Pressure cooker black beans

  • 1 cup dried black beans, rinsed and drained
  • ½ small onion, finely diced *about 1/4 cup
  • 1 jalapeno, deseeded and finely diced
  • 2 garlic cloves. minced
  • ½ cup fresh, restaurant-style salsa
  • cup vegetable stock
  • 1 Bay leaf
  • ½ teaspoon paprika
  • ½ teaspoon cumin
  • ½ teaspoon Italian seasoning
  • ½ teaspoon salt

Baked polenta

  • 1 (18oz) tube of precooked polenta
  • 1 tablespoon garlic powder
  • 1 tablespoon avocado spray
  • salt to taste

Cabbage slaw

  • 3 cups finely shredded red cabbage
  • 2 large tomatoes, diced
  • 1 tablespoon olive oil
  • 1 tablespoon apple cider vinegar
  • 1 teaspoon maple syrup
  • juice from one lime
  • salt to taste

Optional toppings

  • guacamole and fresh salsa

Instructions

  • Add all of the ingredients to the bowl of a pressure cooker. This includes dried black beans, red onions, jalapeno, bay leaf, salsa, veggie stock, spices, and salt. Give it all a good stir.
  • Secure the lid. Set the vent to “pressure”. Use the buttons to select “high pressure” and the cook time is 37 minutes. Press start.
  • When the black beans are finished cooking, allow the pressure to naturally and completely release. This is important as the beans continue to cool during the natural release process. Do not use the quick release function.
  • Gently remove the lid. Carefully remove the bay leaf. Give it all a good stir. Serve them warm.
  • Preheat the oven to 425 degrees Fahrenheit. Line a baking sheet with parchment paper.
  • Cut the polenta into 1/2 inch thick rounds. You'll need 12 slices. Arrange them in a single layer on the parchment paper-lined cookie sheet. Lightly spray the tops with avocado spray, garlic powder, and salt.
  • Bake the polenta for 23 minutes or until the edges are light golden brown. Remove from the oven and set them aside to cool.

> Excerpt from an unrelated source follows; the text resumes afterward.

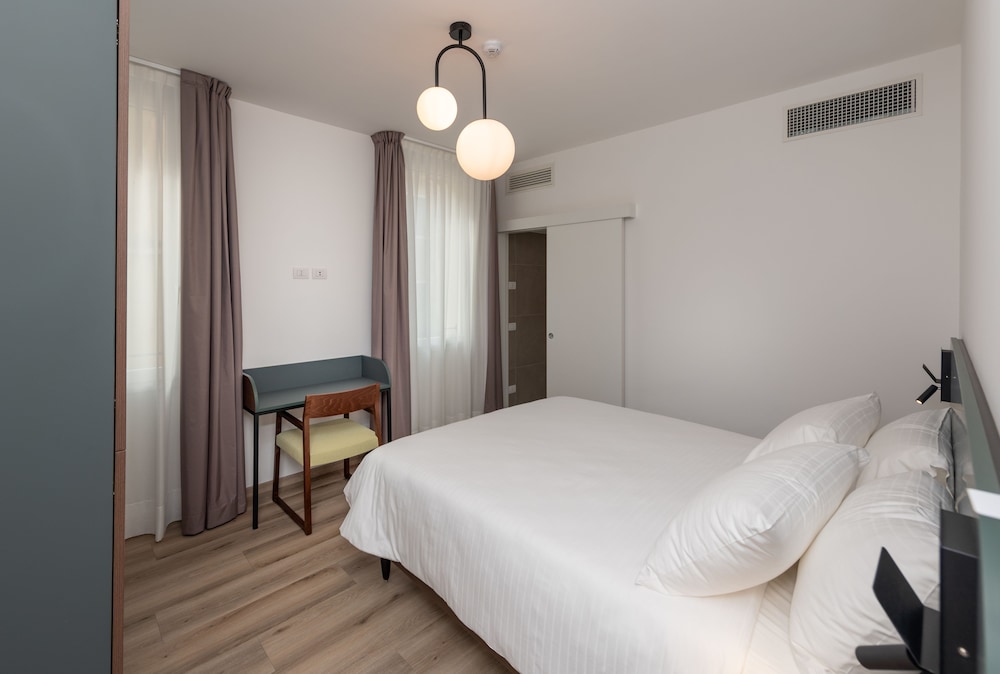 Hotel Canton dell Orto 5/33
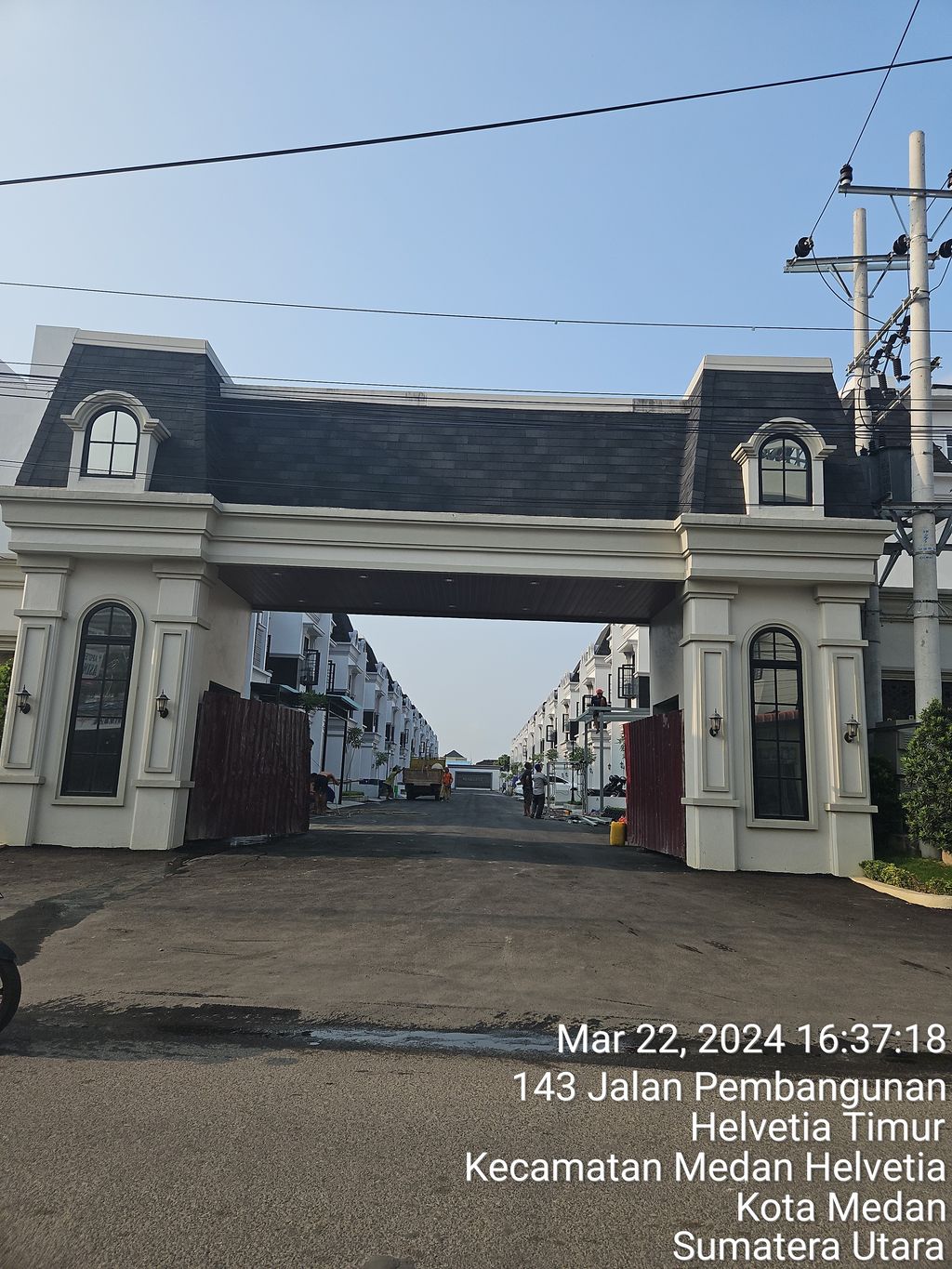 foto gerbang perumahan THE MARRIOTT VILLAS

Once cool, transfer them to a cutting board and cut each slice into quarters.
  • In a medium glass bowl, add the finely shredded cabbage, chopped tomatoes, olive oil, maple syrup, apple cider vinegar, lime juice, and salt.
  • Give it all a good toss and set aside.
  • Layer the four mason jars in this order: one polenta slice cut into quarters, black beans, polenta, black beans, polenta, and then slaw. Repeat this step for all four mason jars and then secure them with lids. Place them in the fridge.
  • When you are ready to eat a jar, pour the contents into a bowl. Top with leftover fresh salsa and guacamole. Enjoy!

Notes

Storage:
Seal your four mason jars with airtight lids and store them in the refrigerator for up to five days for easy, grab-and-go lunches.
Tips + Modifications:
You can either enjoy this Mexican bowl cold or remove the slaw and heat the beans and polenta in the microwave, covered with a paper towel, until heated through.
You can definitely skip the mason jars and enjoy this recipe warm, in bowls.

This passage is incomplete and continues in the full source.